Nel mese di Ramadan concentriamo la nostra attività sull’alimentazione e in particolare sulla carne. Molte associazioni preparano dei pacchetti di alimenti di base. Noi vorremmo dare ad ogni famiglia un po’ di più, oltre alla carne per l’interruzione del digiuno (iftar).  
 
Il mio viaggio in Palestina:
 
Innanzitutto vorrei dire che la Palestina è un paese meraviglioso. Questo paese è bello e ricco di storia e di cultura…
La Palestina è la patria dell’umanità, in cui sono nati e/o hanno vissuto tutti i nostri grandi Profeti. È un luogo spirituale, la “Terra Santa”, che tocca persino il cuore agli atei.

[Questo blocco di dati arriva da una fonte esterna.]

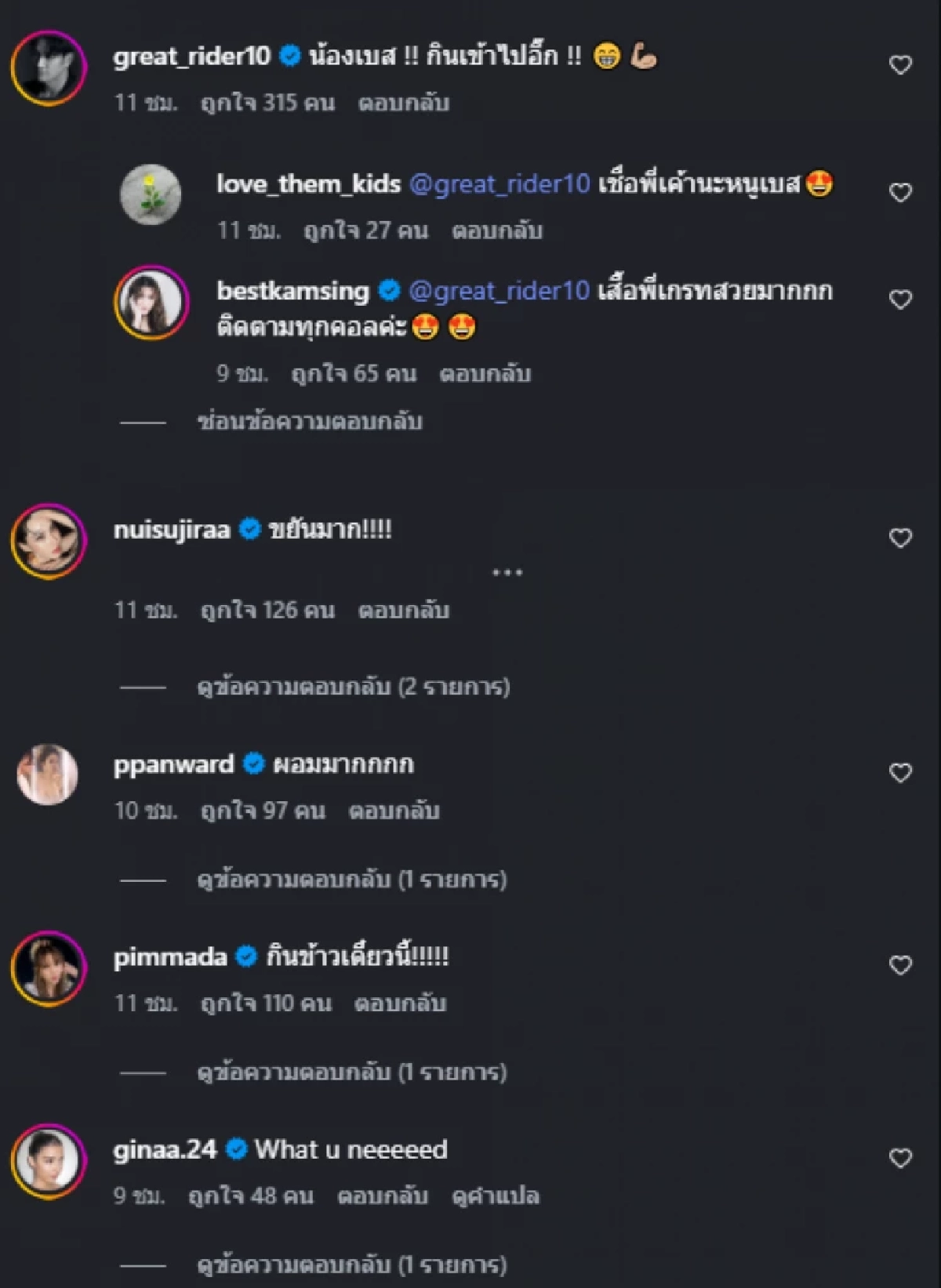 ดราม่าสนั่น! "เบสท์ คำสิงห์" อวดหุ่นสับแต่เจอทัก "ผอมไปไม่สวย"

Vorrei anche raccontare delle persone fantastiche che vi ho incontrato.
Ho avuto modo di conoscere persone che hanno rinunciato all’emigrazione all’estero per condurre una vita migliore per rimanere presso il loro popolo, per non darsi vinto .. fino alla fine!
 
Qui ho trovato persone che per il loro popolo non si fermano davanti a nulla. Offrono il loro sostegno instancabile nella vita di tutti i giorni nel campo profughi, aiutano i bambini, le donne e gli handicappati per migliorare le loro vite…
 
Purtroppo ho anche avuto la possibilità di vedere con i miei occhi l’onnipresenza dell’occupazione. Per coloro che hanno la possibilità di ottenere la carta blu e possono dunque viaggiare (non tutti hanno la carta blu e dunque non sono mai usciti dai campi profughi), l’umiliazione è all’ordine del giorno. Ad ogni check point. Quest’umiliazione è onnipresente.
 
Sono “loro” a decidere persino se possono pregare ed accedere a certe moschee (al-Aqsa, Hebron … e sicuramente ce ne saranno altre) o meno.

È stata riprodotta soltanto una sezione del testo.